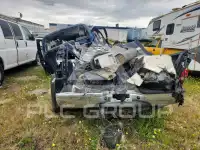 2006 Ford F-350 фото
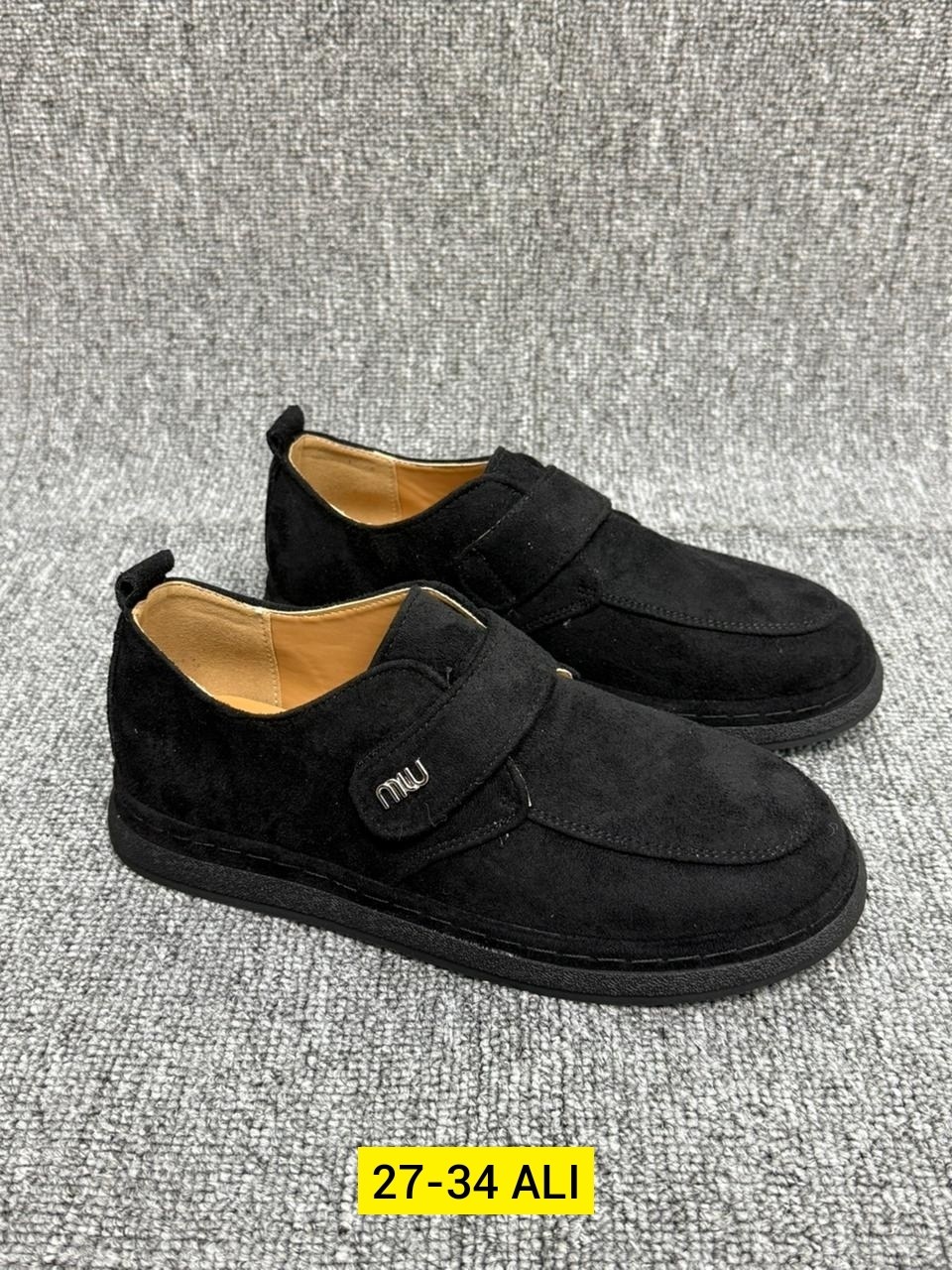 ,обуви,женская ,повседневная ,детская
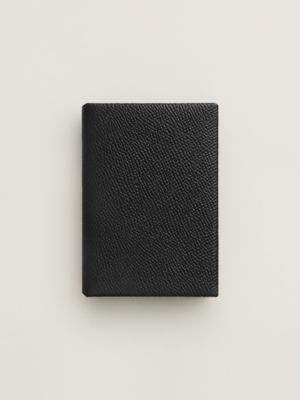 Calvi Duo Compact card holder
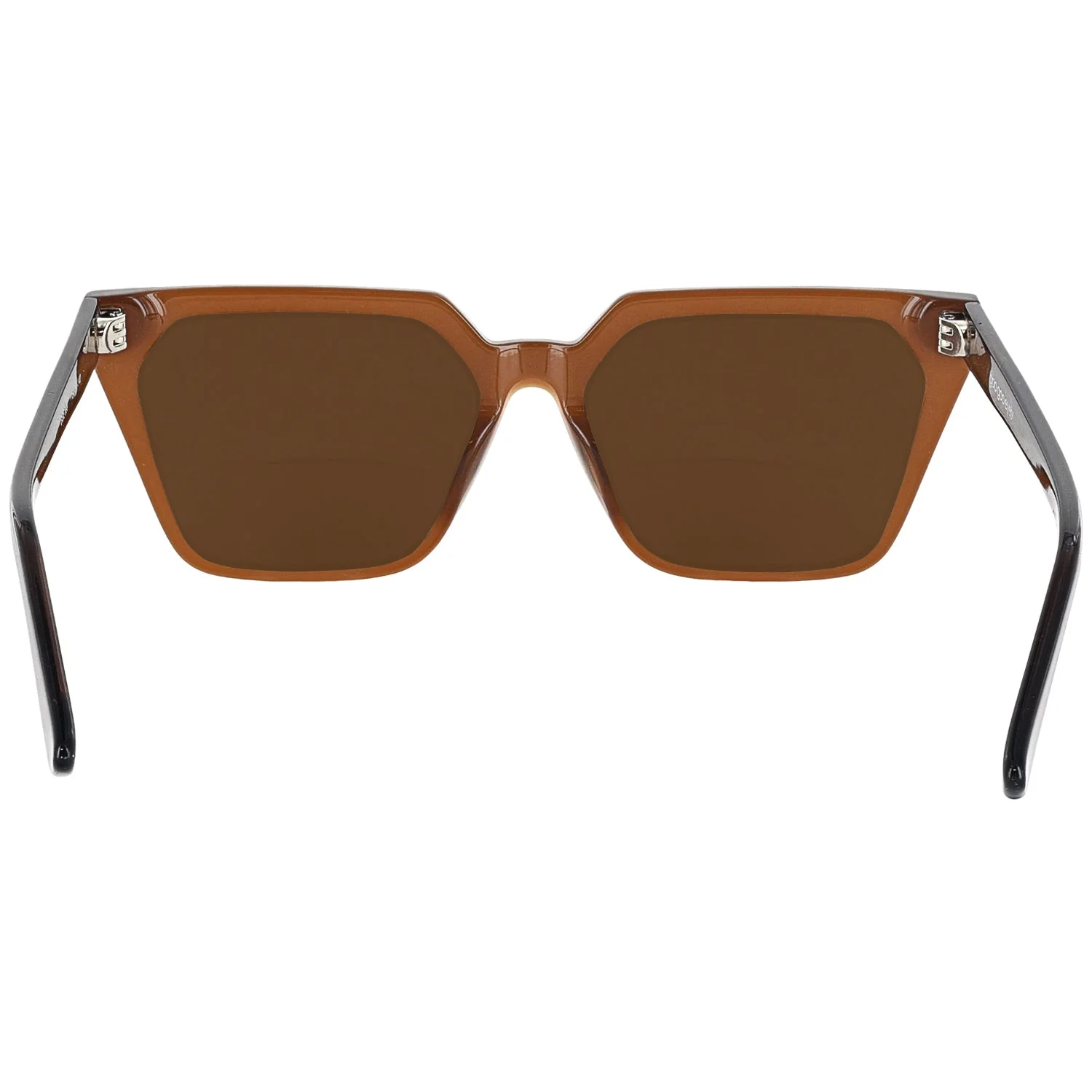Goo Goo Eyes 899 Bifocal Reading Sunglasses - Image 71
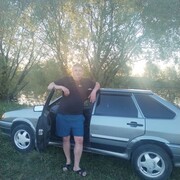  ,   , 35 ,   c 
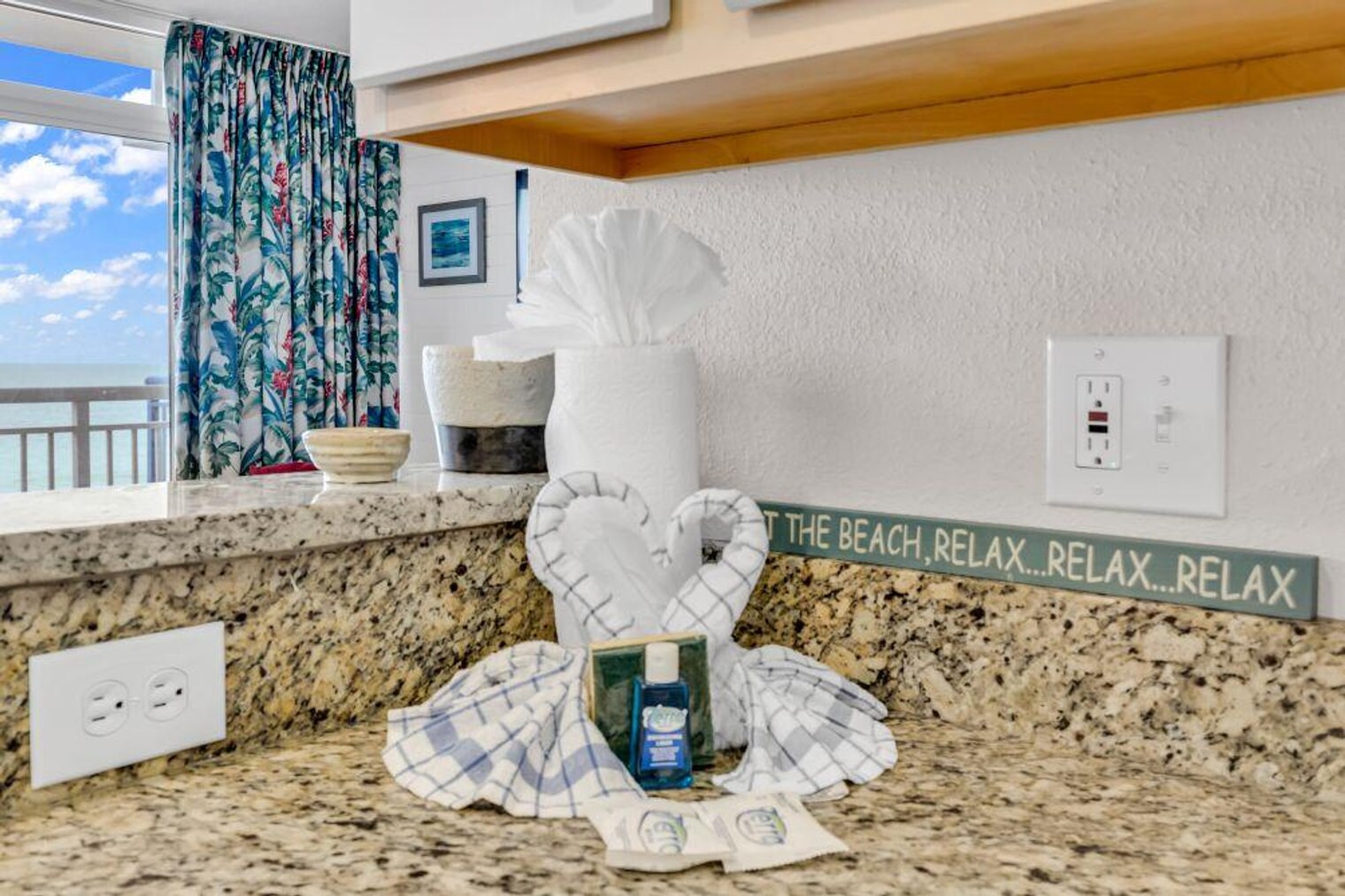 Building Photo - 1700 N Ocean Blvd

§ §

# [About this task]
Would you reproduce the lines above exactly, without carrying over the pictures?

# [Response box]
 2006 Ford F-350 фото
 ,обуви,женская ,повседневная ,детская
 Calvi Duo Compact card holder
Goo Goo Eyes 899 Bifocal Reading Sunglasses - Image 71
  ,   , 35 ,   c 
 Building Photo - 1700 N Ocean Blvd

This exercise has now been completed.